El loro estaba quieto, picoteándose el plumaje, en el hombro de John «el Largo». Silver parecía más pálido e intranquilo que de costumbre. Lucía todavía aquel vistoso traje con el que había capitaneado el motín, pero ya se veía deslustroso, lleno de barro y rotos causados por los arbustos.

—Así que —dijo— aquí tenemos a Jim Hawkins. ¡Así revienten las cuadernas!, y caído del cielo, como suele decirse, ¿eh? Bien, acércate, ¿porque vienes como amigo, no?

Y diciendo esto se sentó en el tonel de aguardiente y empezó a cargar su pipa.

—¡Acércame una tea encendida, Dick! —llamó, y cuando la pipa ya tiraba—. Está muy bien muchacho —añadió—; tira la tea por ahí. Vosotros, caballeretes, volved a dormir; no es preciso que sigáis aquí contemplando al señor Hawkins; seguro que él os disculpará. Así pues, Jim —prosiguió retacando su pipa—, has vuelto, ¡qué sorpresa tan agradable para el pobre y viejo John! Ya vi que eras listo la primera vez que te eché un ojo encima, pero la verdad es que no comprendo este regreso tuyo.

Como puede suponerse, yo no contesté a sus palabras.

Me había colocado de espaldas a la pared y allí permanecí, mirando a Silver cara a cara, intentando aparentar una valentía que el desconsuelo de mi corazón hacía muy difícil.

Silver dio un par de chupadas a la pipa, con mucha tranquilidad, y prosiguió:

—Ahora que estás aquí, Jim —me dijo—, voy a confesarte mis pensamientos. Siempre me has parecido un muchacho formidable, sí, señor, con empuje, el propio retrato de mí mismo cuando yo era joven y apuesto. Siempre he querido verte unido a nosotros y que tuvieses tu parte y vivieras como un caballero, y, ahora, gallito, no tienes más remedio que hacerlo. El capitán Smollett es un buen marino, mejor que yo lo seré nunca, pero es demasiado rígido con la disciplina. «El deber es el deber», dice siempre, y lleva razón. Ten cuidado con él. Y con el doctor, que no quiere ni verte; «un bribón desagradecido», es lo que me dijo que pensaba de ti. En resumen: no puedes volver con los tuyos porque no quieren nada contigo; y a menos que tú solo seas una tripulación, lo que resultaría bastante solitario, no tienes otro camino que enrolarte con el capitán Silver.

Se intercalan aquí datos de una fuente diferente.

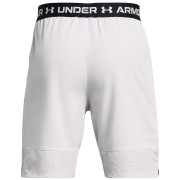 Pánské kraťasy Under Armour Vanish Woven Shorts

Al menos me había enterado de que mis compañeros aún vivían, y, aunque no dudaba de las palabras de Silver sobre los sentimientos que hacia mí abrigaban, lo que había oído me dejaba menos entristecido que confortado.

—No es preciso que te repita que estás en nuestras manos —continuó Silver—, porque eso se ve, ¿no? Pero yo soy hombre que gusta de argumentar; siempre he aborrecido las amenazas, que además no sirven para nada. Si te gusta mi ofrecimiento, de acuerdo, únete a nosotros; si no te gusta, Jim, eres libre para decir que no, completamente libre, compañero. No creo que ningún navegante hijo de buena madre pueda hablar más claro, ¡o que me hunda!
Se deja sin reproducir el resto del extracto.